[Task data — start]

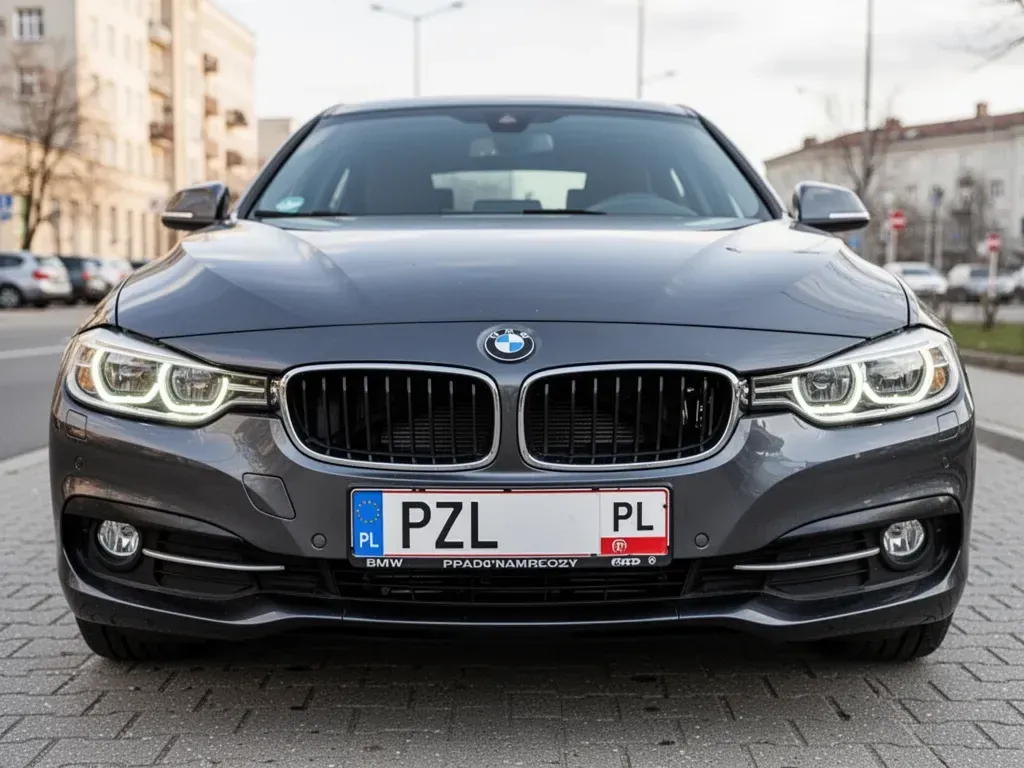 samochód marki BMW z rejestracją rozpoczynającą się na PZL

[Task data — finish]
[Task data — start]

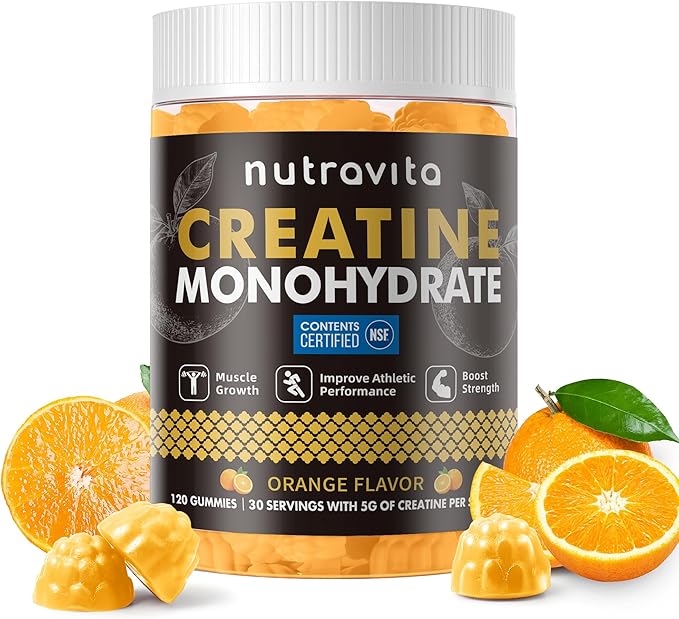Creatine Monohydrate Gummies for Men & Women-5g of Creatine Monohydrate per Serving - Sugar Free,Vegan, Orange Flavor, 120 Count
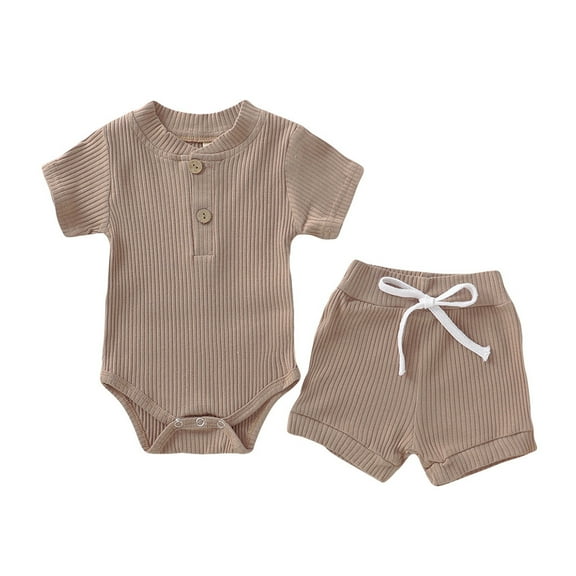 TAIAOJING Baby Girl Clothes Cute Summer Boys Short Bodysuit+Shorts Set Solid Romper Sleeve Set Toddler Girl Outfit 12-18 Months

[Task data — finish]
[Task data — start]

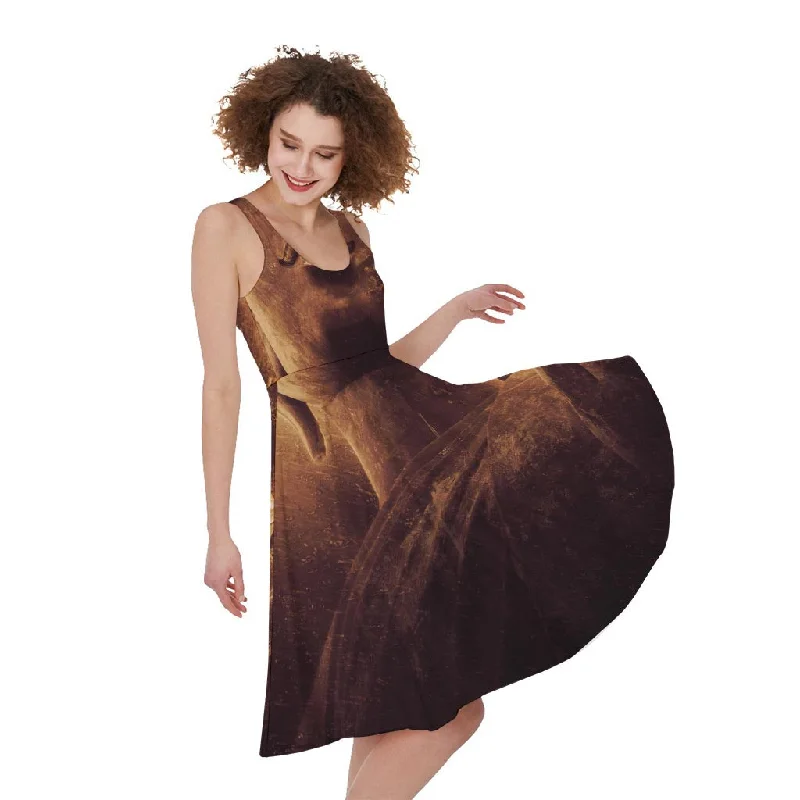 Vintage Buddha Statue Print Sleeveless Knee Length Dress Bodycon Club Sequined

[Task data — finish]

Problem requirements
Would you copy out, exactly and with no pictures, only the lines above from the one that contains "Creatine Monohydrate Gummies" through the one that contains "TAIAOJING Baby Girl"?

Problem solution
Creatine Monohydrate Gummies for Men & Women-5g of Creatine Monohydrate per Serving - Sugar Free,Vegan, Orange Flavor, 120 Count
 TAIAOJING Baby Girl Clothes Cute Summer Boys Short Bodysuit+Shorts Set Solid Romper Sleeve Set Toddler Girl Outfit 12-18 Months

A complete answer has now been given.